Verifying the BGP Configuration

Use show bgp to see the overview of the BGP routing process on the SSR:

admin@branchoffice1.seattlesite1# show bgp
Wed 2019-02-20 23:14:58 UTC
BGP table version is 12, local router ID is 10.128.128.2, vrf id 0
Status codes: s suppressed, d damped, h history, * valid, > best, = multipath,
i internal, r RIB-failure, S Stale, R Removed
Nexthop codes: @NNN nexthop's vrf id, < announce-nh-self
Origin codes: i - IGP, e - EGP, ? - incomplete

Network Next Hop Metric LocPrf Weight Path
10.128.128.2/32 10.128.128.3 0 200 300 ?
10.128.128.3/32 10.128.128.3 0 200 300 ?
128.128.128.1/32 10.128.128.3 0 200 300 ?
128.128.128.128/32
10.128.128.3 0 200 300 ?
172.16.128.2/32 10.128.128.3 0 200 300 ?
172.16.255.0/30 0.0.0.0 0 32768 i
172.26.128.0/30 10.128.128.3 0 200 300 i

Displayed 7 routes and 7 total paths

In addition to the output from show bgp, the contributions to the RIB from BGP are visible in the output of show rib.

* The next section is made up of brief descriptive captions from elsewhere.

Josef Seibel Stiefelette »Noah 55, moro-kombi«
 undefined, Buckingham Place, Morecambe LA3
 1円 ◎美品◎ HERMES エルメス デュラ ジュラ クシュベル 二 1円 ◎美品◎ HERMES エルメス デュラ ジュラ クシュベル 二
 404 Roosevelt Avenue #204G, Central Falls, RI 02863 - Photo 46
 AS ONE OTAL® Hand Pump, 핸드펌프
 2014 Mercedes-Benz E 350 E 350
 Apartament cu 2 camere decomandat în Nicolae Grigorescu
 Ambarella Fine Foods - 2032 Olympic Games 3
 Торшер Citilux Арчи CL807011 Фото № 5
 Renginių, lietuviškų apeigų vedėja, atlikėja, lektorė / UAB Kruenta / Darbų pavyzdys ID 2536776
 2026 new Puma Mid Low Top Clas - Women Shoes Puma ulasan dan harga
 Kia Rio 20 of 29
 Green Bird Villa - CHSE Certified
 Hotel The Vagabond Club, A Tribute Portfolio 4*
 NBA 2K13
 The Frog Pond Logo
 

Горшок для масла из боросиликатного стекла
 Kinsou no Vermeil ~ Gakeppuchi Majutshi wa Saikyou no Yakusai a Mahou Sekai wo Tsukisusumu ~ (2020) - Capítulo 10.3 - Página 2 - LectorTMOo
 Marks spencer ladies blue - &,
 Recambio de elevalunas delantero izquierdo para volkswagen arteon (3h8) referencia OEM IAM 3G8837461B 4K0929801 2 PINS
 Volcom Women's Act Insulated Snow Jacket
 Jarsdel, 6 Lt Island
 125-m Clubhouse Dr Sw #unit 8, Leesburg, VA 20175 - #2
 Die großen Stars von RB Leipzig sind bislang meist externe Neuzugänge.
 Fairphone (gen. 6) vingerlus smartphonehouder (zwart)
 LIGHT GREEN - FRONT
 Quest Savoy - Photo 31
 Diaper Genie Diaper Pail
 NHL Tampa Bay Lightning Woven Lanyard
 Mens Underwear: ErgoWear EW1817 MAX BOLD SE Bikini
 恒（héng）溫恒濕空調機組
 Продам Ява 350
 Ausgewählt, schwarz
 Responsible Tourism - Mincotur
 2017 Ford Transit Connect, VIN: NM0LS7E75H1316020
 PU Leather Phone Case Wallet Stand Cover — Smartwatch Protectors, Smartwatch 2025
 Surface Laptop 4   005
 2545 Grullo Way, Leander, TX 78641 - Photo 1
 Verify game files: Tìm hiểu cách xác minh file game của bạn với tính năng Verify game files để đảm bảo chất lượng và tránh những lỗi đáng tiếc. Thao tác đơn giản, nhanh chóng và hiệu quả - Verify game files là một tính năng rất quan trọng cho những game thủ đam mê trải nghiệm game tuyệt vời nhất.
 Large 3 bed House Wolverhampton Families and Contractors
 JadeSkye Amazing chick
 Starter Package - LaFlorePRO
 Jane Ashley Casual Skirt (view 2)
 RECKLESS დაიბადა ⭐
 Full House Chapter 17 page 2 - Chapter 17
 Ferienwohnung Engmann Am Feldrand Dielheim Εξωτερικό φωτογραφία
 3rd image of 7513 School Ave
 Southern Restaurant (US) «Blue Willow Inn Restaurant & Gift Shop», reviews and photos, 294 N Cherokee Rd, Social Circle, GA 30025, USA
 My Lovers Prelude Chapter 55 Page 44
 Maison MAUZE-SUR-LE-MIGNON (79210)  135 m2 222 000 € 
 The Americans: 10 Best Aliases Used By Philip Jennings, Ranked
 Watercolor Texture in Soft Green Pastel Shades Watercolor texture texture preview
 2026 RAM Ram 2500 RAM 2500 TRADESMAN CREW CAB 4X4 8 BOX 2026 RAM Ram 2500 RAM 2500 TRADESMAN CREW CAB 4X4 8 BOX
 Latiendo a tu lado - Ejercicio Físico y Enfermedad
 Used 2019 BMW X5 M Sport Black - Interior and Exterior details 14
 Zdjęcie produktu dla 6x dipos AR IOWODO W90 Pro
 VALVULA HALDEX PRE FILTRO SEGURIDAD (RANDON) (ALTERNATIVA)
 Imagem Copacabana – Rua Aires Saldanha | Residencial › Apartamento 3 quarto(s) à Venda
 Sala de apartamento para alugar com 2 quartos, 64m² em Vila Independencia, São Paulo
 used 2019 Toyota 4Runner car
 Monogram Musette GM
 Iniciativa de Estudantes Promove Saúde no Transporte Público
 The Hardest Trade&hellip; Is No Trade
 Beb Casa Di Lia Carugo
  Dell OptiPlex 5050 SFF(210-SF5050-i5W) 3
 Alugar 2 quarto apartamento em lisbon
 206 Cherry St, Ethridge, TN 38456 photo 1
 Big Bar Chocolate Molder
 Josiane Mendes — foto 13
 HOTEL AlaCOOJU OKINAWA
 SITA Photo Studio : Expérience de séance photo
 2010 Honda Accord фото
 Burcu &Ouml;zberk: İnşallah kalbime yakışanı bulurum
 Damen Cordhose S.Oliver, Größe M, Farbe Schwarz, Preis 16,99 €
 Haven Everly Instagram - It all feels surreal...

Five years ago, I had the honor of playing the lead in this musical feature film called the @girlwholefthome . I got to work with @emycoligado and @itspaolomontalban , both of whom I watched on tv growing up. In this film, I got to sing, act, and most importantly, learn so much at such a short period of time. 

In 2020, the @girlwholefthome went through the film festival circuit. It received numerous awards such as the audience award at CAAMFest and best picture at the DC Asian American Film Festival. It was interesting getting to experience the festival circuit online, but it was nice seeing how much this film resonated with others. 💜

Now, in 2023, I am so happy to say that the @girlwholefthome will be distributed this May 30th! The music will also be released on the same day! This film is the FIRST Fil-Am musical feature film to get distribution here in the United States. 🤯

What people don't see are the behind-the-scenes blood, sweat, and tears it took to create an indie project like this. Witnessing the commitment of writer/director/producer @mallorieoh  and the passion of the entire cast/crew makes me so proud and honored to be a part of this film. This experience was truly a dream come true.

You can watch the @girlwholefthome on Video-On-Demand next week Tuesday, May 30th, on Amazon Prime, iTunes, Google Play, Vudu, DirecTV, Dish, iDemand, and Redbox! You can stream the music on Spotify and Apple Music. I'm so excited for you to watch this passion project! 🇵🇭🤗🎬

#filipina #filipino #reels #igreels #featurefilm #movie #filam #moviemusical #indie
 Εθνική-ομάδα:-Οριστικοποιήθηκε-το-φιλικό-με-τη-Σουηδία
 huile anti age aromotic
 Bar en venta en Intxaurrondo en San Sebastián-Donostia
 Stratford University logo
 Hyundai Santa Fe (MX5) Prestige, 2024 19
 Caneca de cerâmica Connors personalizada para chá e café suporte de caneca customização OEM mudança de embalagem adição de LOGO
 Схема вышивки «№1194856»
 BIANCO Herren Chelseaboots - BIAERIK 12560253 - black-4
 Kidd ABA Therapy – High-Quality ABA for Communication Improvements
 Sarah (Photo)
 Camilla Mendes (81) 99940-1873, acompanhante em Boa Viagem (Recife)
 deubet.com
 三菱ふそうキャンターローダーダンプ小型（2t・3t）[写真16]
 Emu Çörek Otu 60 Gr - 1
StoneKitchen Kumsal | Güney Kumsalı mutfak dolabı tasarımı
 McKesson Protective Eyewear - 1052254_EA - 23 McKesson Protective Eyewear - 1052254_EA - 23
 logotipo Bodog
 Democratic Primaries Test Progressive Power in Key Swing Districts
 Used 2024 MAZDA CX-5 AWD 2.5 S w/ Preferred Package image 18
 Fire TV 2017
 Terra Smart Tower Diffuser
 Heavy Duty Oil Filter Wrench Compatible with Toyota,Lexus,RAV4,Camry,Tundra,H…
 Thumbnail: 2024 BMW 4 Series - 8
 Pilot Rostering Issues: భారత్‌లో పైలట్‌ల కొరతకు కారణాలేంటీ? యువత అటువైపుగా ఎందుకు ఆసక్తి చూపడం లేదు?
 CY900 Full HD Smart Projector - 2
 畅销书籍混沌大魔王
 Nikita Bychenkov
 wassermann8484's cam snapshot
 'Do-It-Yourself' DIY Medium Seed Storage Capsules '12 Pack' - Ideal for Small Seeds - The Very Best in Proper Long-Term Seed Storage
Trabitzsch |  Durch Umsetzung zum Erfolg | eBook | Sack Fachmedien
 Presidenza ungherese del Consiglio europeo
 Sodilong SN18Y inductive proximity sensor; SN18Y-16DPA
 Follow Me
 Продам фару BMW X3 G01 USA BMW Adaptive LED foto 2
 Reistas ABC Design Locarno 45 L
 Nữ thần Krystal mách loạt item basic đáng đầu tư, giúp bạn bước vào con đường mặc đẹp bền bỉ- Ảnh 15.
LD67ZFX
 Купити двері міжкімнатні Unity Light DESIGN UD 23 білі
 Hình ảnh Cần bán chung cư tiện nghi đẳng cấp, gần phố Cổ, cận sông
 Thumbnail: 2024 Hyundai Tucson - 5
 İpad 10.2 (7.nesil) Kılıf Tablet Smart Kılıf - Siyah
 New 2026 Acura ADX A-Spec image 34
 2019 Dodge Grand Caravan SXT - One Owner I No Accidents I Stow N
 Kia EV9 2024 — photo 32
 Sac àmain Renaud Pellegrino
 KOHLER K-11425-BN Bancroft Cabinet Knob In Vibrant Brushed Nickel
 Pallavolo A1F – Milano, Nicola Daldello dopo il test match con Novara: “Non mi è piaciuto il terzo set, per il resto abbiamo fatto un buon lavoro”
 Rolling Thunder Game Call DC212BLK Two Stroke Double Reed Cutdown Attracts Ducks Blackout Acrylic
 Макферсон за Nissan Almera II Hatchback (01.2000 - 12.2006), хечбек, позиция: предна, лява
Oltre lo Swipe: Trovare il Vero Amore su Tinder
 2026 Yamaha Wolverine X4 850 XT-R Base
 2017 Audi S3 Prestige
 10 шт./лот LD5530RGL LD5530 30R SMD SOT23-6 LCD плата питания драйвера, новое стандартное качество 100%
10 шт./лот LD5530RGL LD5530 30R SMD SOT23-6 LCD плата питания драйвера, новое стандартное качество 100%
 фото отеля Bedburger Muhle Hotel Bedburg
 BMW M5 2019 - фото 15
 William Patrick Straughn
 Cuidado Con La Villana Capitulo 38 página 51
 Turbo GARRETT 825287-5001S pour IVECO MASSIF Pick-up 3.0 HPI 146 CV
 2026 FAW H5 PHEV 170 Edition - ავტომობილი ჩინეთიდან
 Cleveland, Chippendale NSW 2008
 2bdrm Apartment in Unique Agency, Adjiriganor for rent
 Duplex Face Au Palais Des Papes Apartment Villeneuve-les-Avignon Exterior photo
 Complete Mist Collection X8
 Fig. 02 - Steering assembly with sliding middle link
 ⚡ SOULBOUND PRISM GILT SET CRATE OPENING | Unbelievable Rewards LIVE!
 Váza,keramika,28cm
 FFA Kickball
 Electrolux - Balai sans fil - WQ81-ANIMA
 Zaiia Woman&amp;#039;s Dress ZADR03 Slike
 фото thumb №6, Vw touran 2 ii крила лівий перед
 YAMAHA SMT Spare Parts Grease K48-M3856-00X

admin@branchoffice1.seattlesite1# show rib
Wed 2019-02-20 23:04:20 UTC
Codes: K - kernel route, C - connected, S - static, R - RIP,
O - OSPF, I - IS-IS, B - BGP, P - PIM, T - Table, v - VNC,
V - VNC-Direct,
> - selected route, * - FIB route

B 1.1.1.0/24 [20/0] via 1.1.1.1 inactive, 22:28:18
C>* 1.1.1.0/24 is directly connected, g4
B>* 2.2.2.0/24 [20/0] via 1.1.1.1, g4, 22:28:18
B>* 3.3.3.0/24 [20/0] via 1.1.1.1, g4, 22:28:18
C>* 10.0.128.0/31 is directly connected, g1
K>* 128.128.128.1/32 is directly connected, Null0, bh
K>* 128.128.128.128/32 is directly connected, Null0, bh
C>* 169.254.127.126/31 is directly connected, g4294967294
S>* 172.16.128.2/32 [1/0] via 10.0.128.1, g1
K 172.16.128.2/32 is directly connected, Null0, bh
K>* 172.26.128.2/32 is directly connected, Null0, bh
C>* 192.168.64.0/24 is directly connected, g2


Completed in 0.09 seconds
admin@branchoffice1.seattlesite1#
note

As shown in the header, the routes that start with B are contributed by BGP.

VRF BGP Over SVR

The establishment of a BGP session over SVR is achieved by the conductor auto-generating the necessary services and service-routes. The introduction of the VRF feature allows for configuring BGP instances within a VRF, and establishing BGP sessions with neighbors within the same VRF.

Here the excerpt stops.